また、当時は木管だけの合宿練習なんかもやりましてね、その際に弦楽器の村山さんがなぜか木管合宿に参加されたのです。
「一緒に練習しませんか」と声かけしても、ともかくジーっと待っているんです。
実は村山さんはお酒を仕入れていらして、練習が終わったら皆と飲みたい、それまでは練習の邪魔はしない、ということだったんです(笑)。
団の発展と新しい展開――田部井先生の招聘
――団長は大森さん、常任指揮者は中島良能先生でした。
樋口:私自身は会社も忙しい現役ですし、口出しだけで宜しければと副団長をお受けしました。
大森団長は総務の実務もほぼ全て担当されましてね。
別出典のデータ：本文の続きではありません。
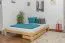 Futonbett / Massivholzbett Kiefer Vollholz massiv natur A10, inkl. Lattenrost - Abmessung 160 x 200 cm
こうした名簿類の全部を大森さんが作られました。
創団13年目2010年のある日、突然大森さんから「しんどくなった、助けてくれ」と請われて団長を引き受ける事としました。
ただし志村さんに実務面を全面的にお手伝いいただく条件付です。
その後長きにわたり団長業務を続ける事が出来たのはまさに志村さんの甚大な支援のおかげです。
私はアメリカから帰国後、しばらくして藤響にも再入団しました。
この藤響とのかかわりが、のちに当団の常任指揮者になられる田部井先生の招聘につながりました。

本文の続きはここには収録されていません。